Start of Block

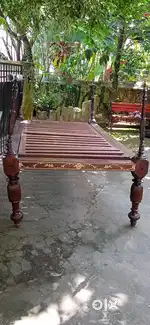 Massive antique Rose wood cot for sale.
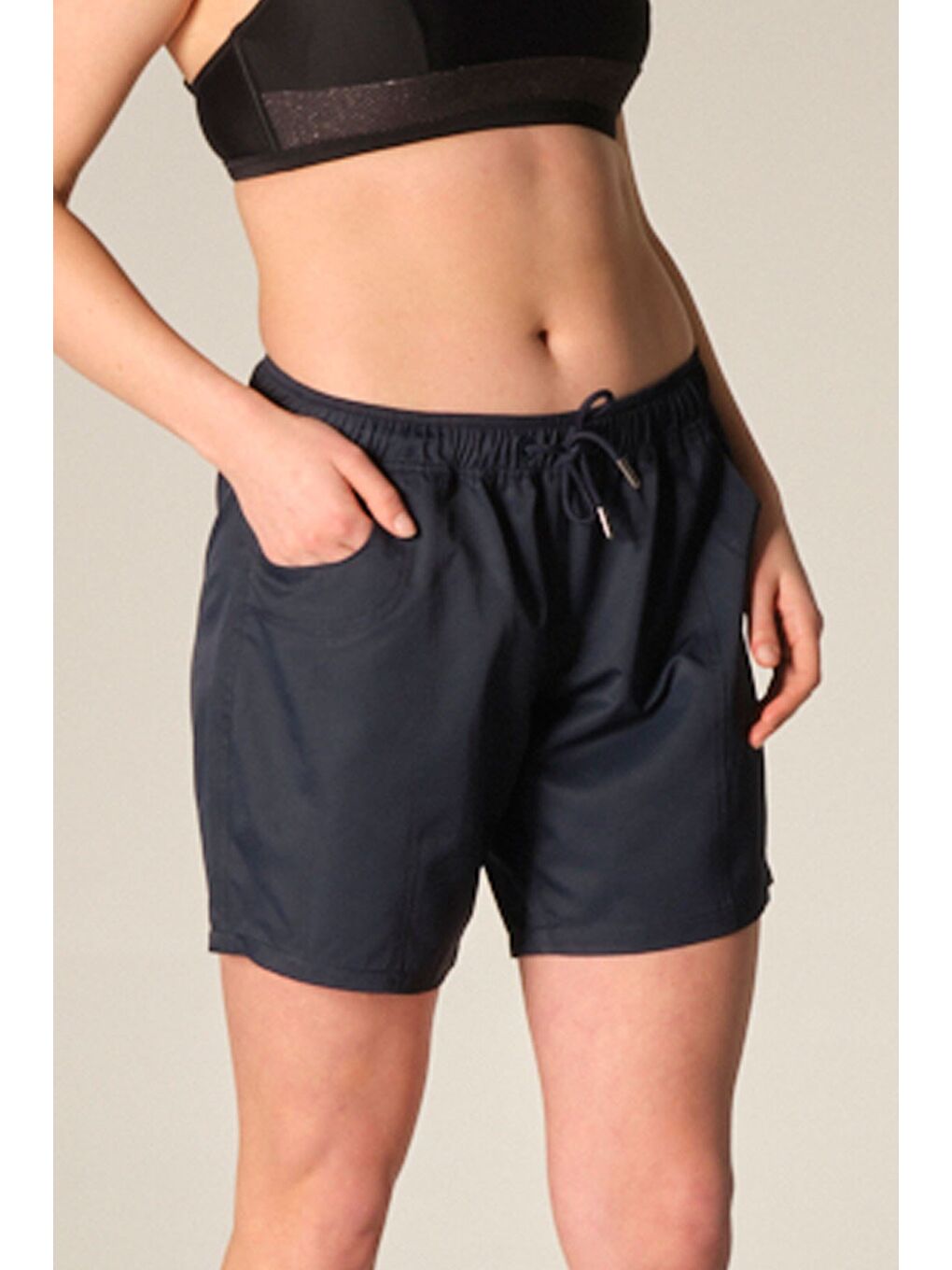 Bn-12 Kadın Deniz Şort Lacivert-1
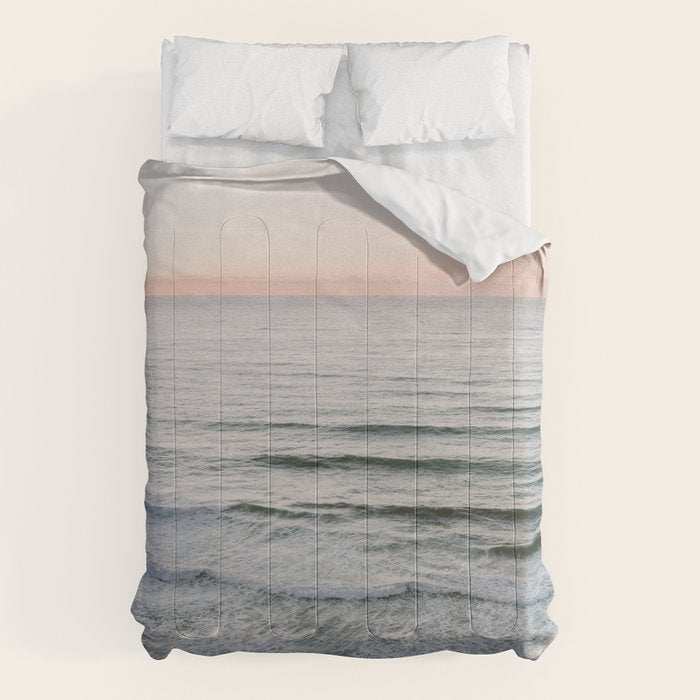 Endless ocean | Ericeira beach photography  Comforter Gallery Image 6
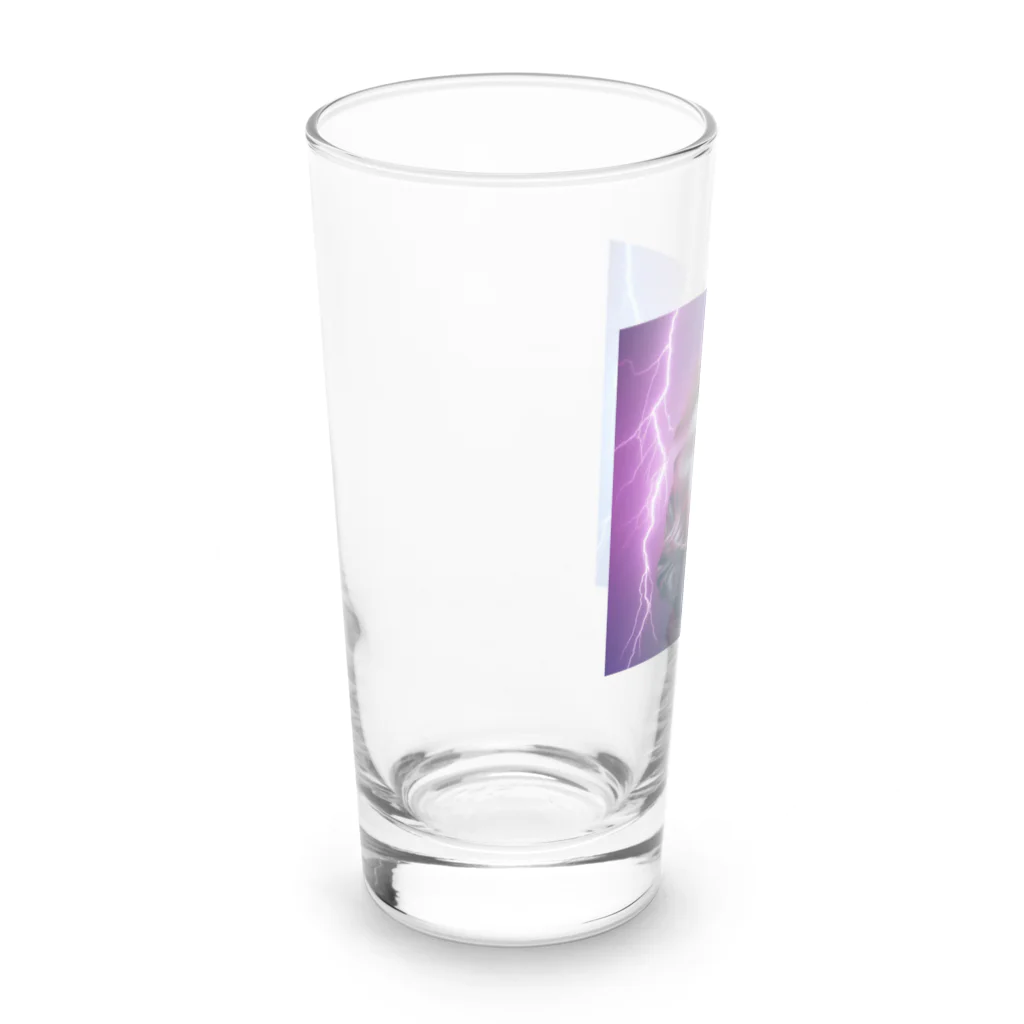 玉ねぎんのライジングガール Long Sized Water Glass :left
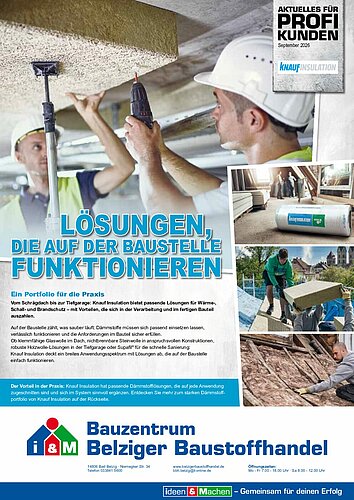 Titelseite: Knauf Insulation – Profiangebote im September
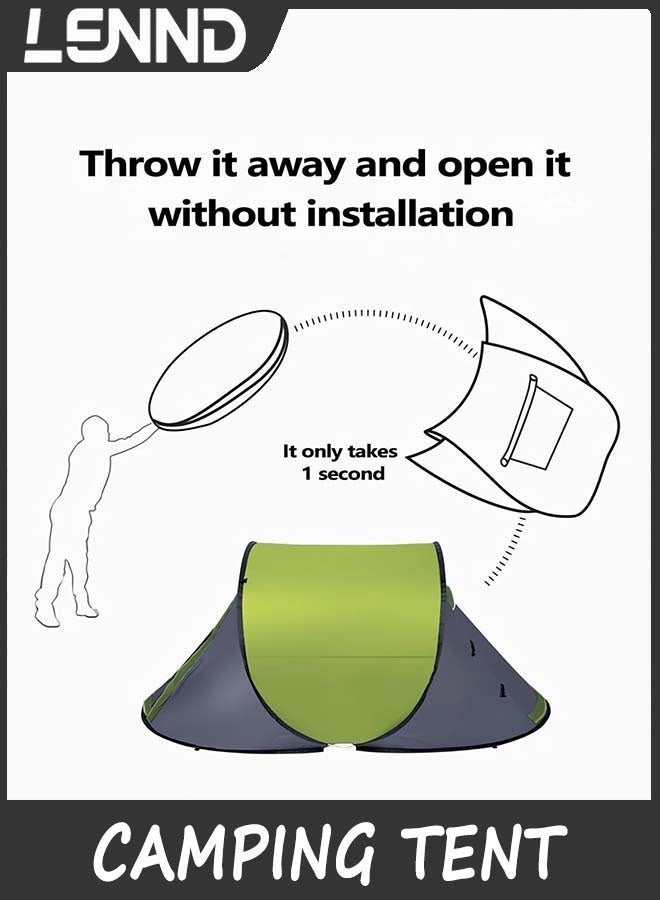 LENND Pop-up Camping Tent: 1 Person Tent Waterproof Instant Easy Setup Outdoor Tent,Portable instant tents, waterproof yurts for picnics, travels, hiking. - Image 3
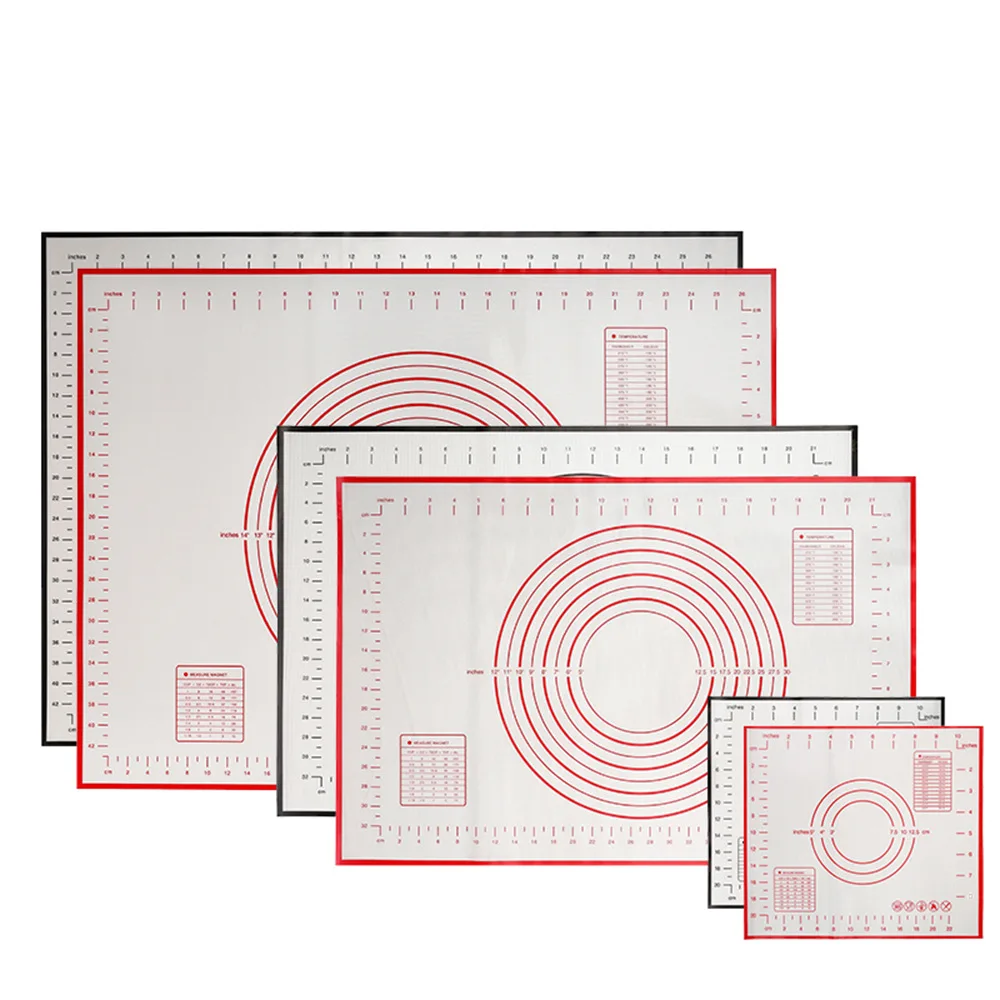 Custom kitchen pastry and baking tools non stick silicone macaron baking mat glass fiber pastry mat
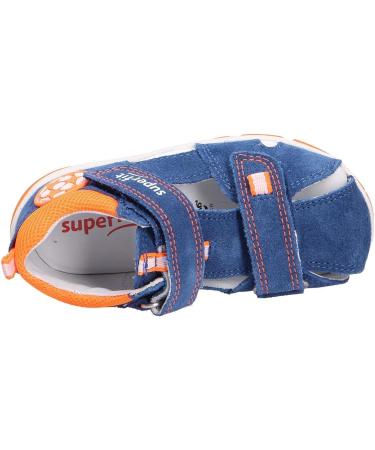 Superfit Baby Boys Freddy Sandals - Blue/Orange - Size 4.5 UK Child - Buy Online on GoSupps.com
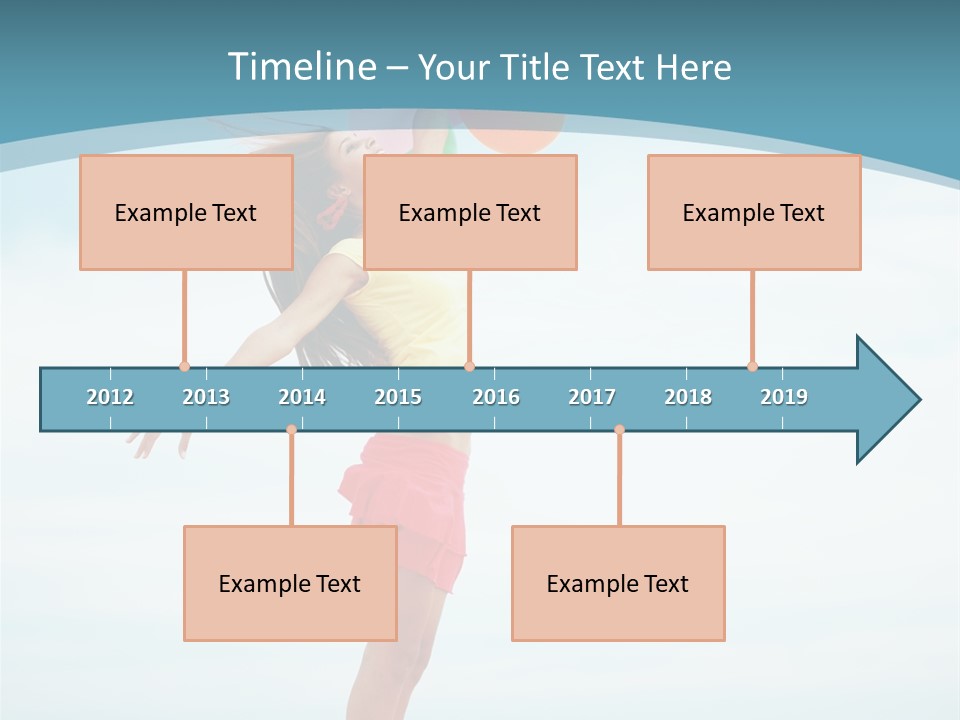 Blue Inspiration Lifestyle PowerPoint Template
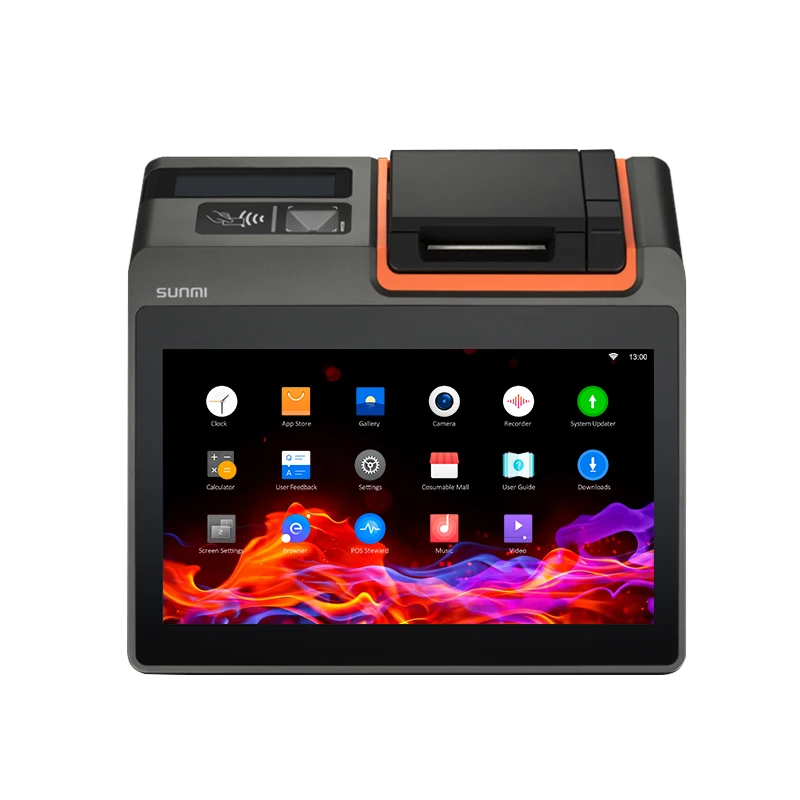 SUNMI T2 Mini 11.6 Inch Touch Screen Cash Register Point Of Sales Android Pos Printer POS+Systems Best Pos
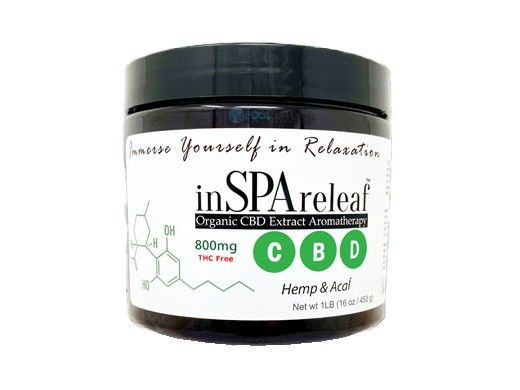 inSPAreleaf CBD Aromatherapy | Hemp & Acai | 16oz. Crystals | 1699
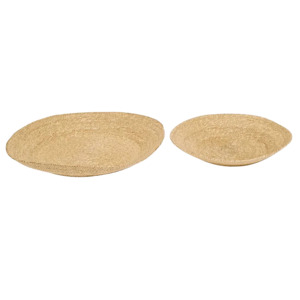 Lark low woven seagrass basket natural 40cm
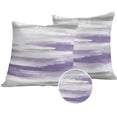 thumbnail image 1 of Purple Gray White Outdoor Pillow Covers 24x24 Set of 2,Waterproof Patio Throw Pillowcase Protectors,Retro Country Abstract Mottled Texture Decorative Pillow Shams Cushion Covers for Seat Bed Couch, 1 of 8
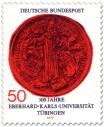 Briefmarke: Siegel der Universität Tübingen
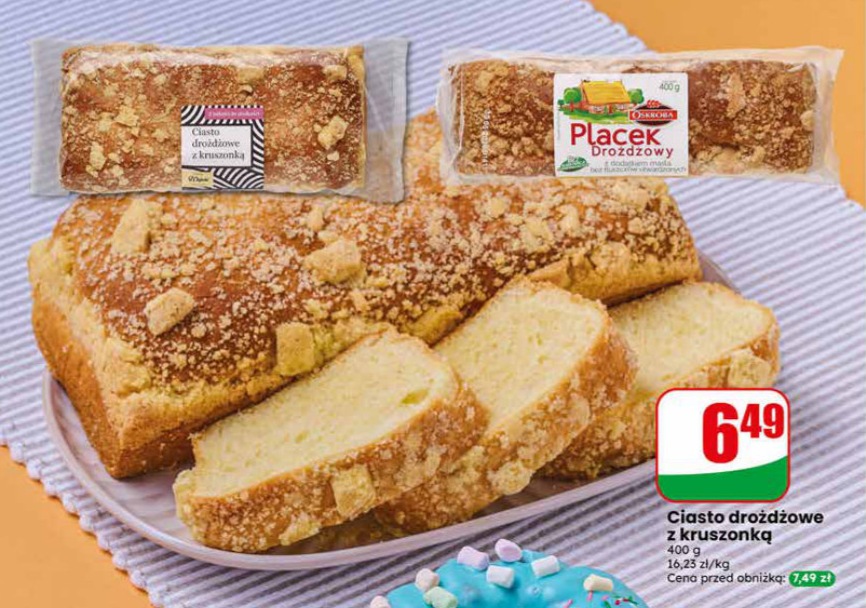 ciasto drożdżowe z kruszonką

End of Block

| Try it |
Looking above, find the stretch of lines that opens with the one holding "SUNMI T2 Mini" and closes with the one holding "thumbnail image 1". Copy it exactly, pictures excluded.

| Answer below |
 SUNMI T2 Mini 11.6 Inch Touch Screen Cash Register Point Of Sales Android Pos Printer POS+Systems Best Pos
 inSPAreleaf CBD Aromatherapy | Hemp & Acai | 16oz. Crystals | 1699
 Lark low woven seagrass basket natural 40cm
 thumbnail image 1 of Purple Gray White Outdoor Pillow Covers 24x24 Set of 2,Waterproof Patio Throw Pillowcase Protectors,Retro Country Abstract Mottled Texture Decorative Pillow Shams Cushion Covers for Seat Bed Couch, 1 of 8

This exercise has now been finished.